(Web page caption snippets)
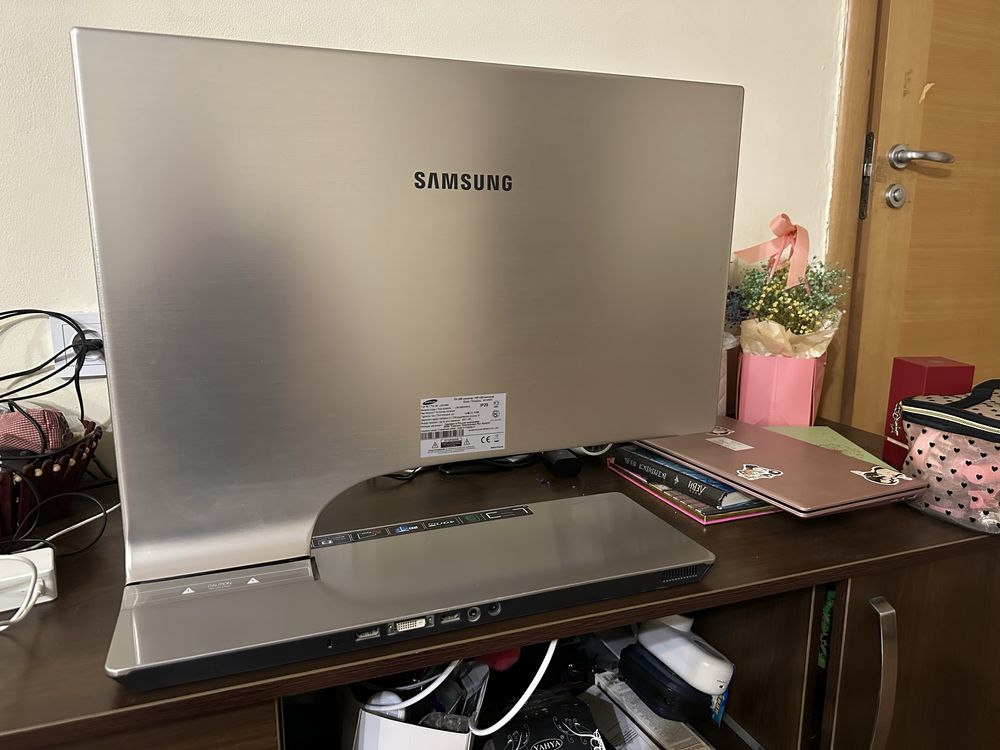 Монитор Samsung 27 3d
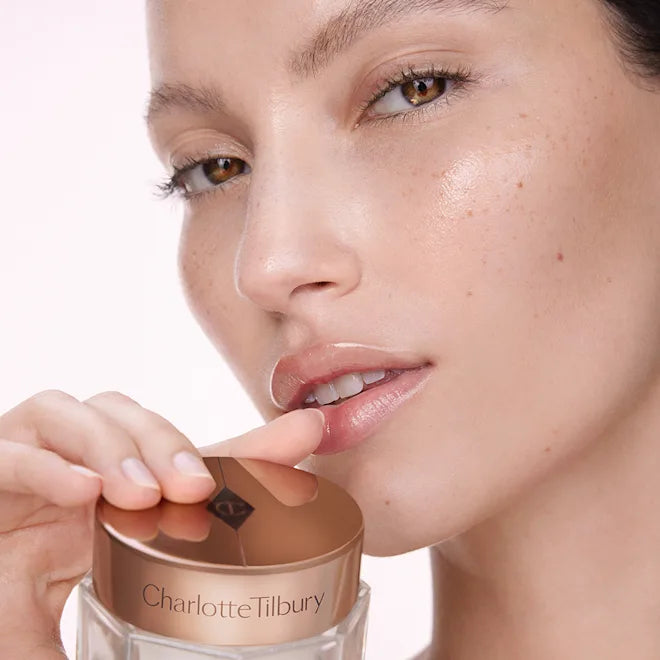 Charlotte Tilbury Radiant Glow On The Go Set texture and color detail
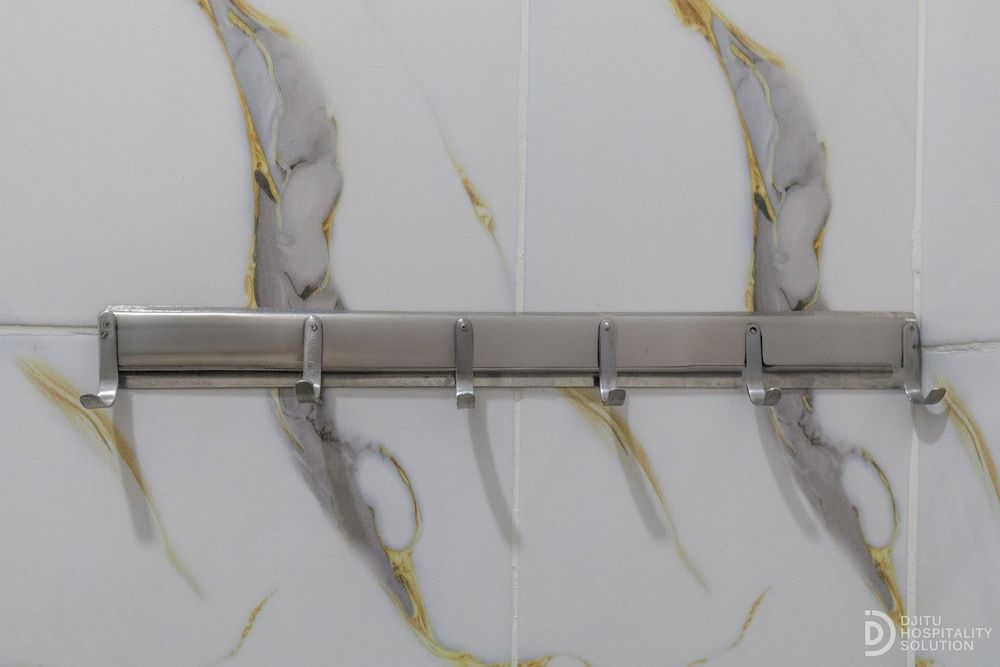 SG Hotel Pangandaran Deluxe Double Room 3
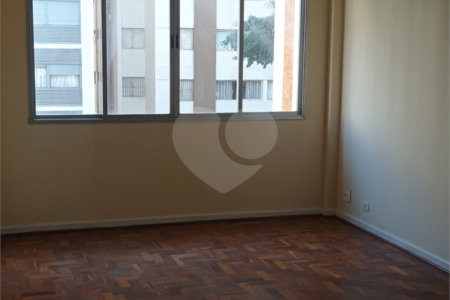 Apartamento à venda com 3 quartos, sendo 1 suíte, em Pinheiros, São Paulo, SP
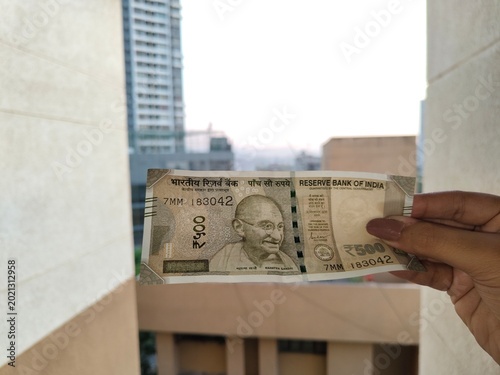 Canvas Print Indian 500 Rupee Banknote Held Against Urban Balcony View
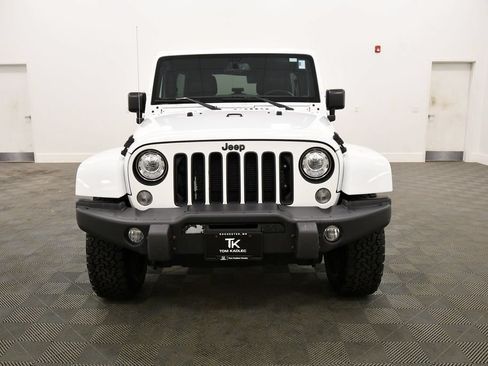 Used 2017 Jeep Wrangler Unlimited Sahara AWD/4WD image 11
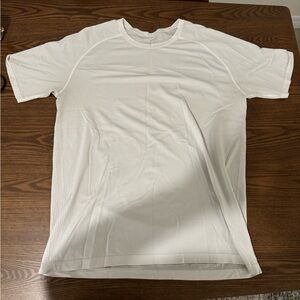 White LuluLemon MetalVent Athletic Shirt. Size Large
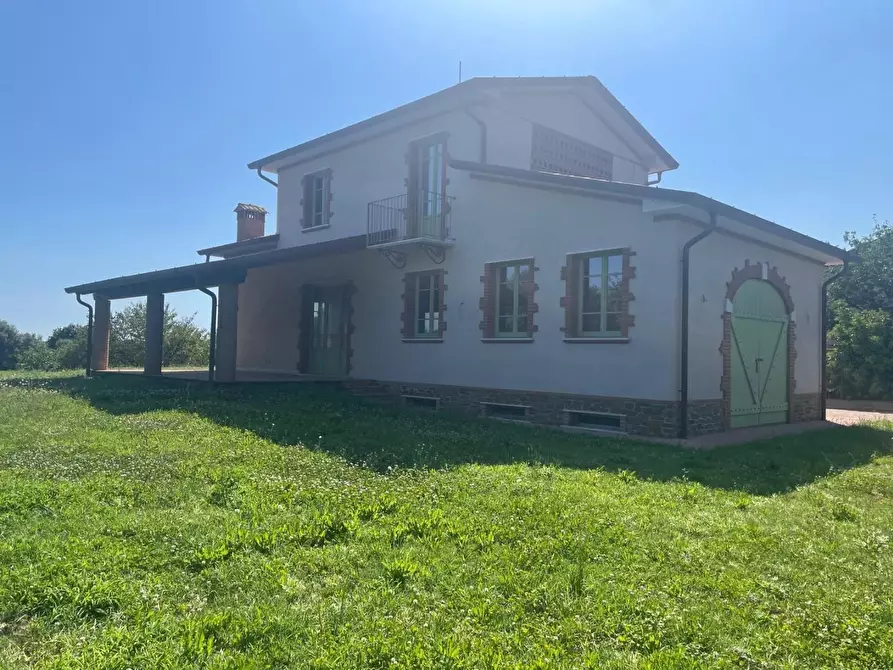 Immagine 2 di Villa in vendita  a Pietrasanta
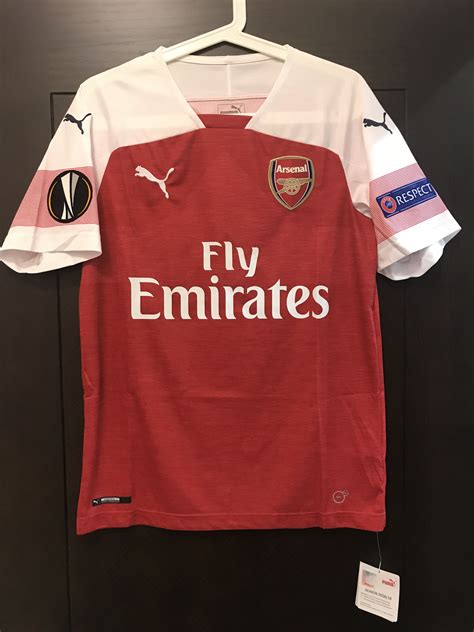 Manage your video collection and share your thoughts. 2018/19賽季 阿仙奴 ARSENAL 主場球衣 S 碼 連#10 Ozil 球會印字 及 歐霸章, 運動產品, 運動衫 - Carousell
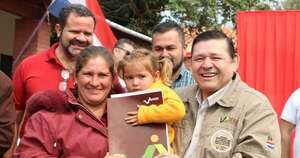 Diario HOY | El Indert entrega más de 140 títulos en Minga Guazú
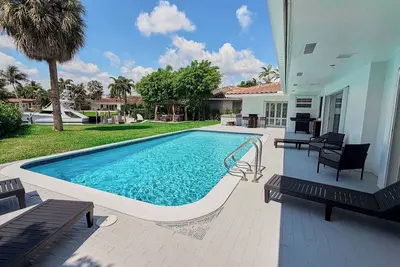 Image de Waterfront! ! ! ! Fantastic 3-bedroom fully renovated villa with Pool  and Hot Tub!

* [About this task] Find the line that contains "SG Hotel Pangandaran Deluxe Double Room 3" and repeat it, along with every line after it to the end of the data, exactly; drop the pictures.

* [Exercise response]
 SG Hotel Pangandaran Deluxe Double Room 3
 Apartamento à venda com 3 quartos, sendo 1 suíte, em Pinheiros, São Paulo, SP
 Canvas Print Indian 500 Rupee Banknote Held Against Urban Balcony View
 Used 2017 Jeep Wrangler Unlimited Sahara AWD/4WD image 11
 White LuluLemon MetalVent Athletic Shirt. Size Large
 Immagine 2 di Villa in vendita  a Pietrasanta
 Manage your video collection and share your thoughts. 2018/19賽季 阿仙奴 ARSENAL 主場球衣 S 碼 連#10 Ozil 球會印字 及 歐霸章, 運動產品, 運動衫 - Carousell
 Diario HOY | El Indert entrega más de 140 títulos en Minga Guazú
 Image de Waterfront! ! ! ! Fantastic 3-bedroom fully renovated villa with Pool  and Hot Tub!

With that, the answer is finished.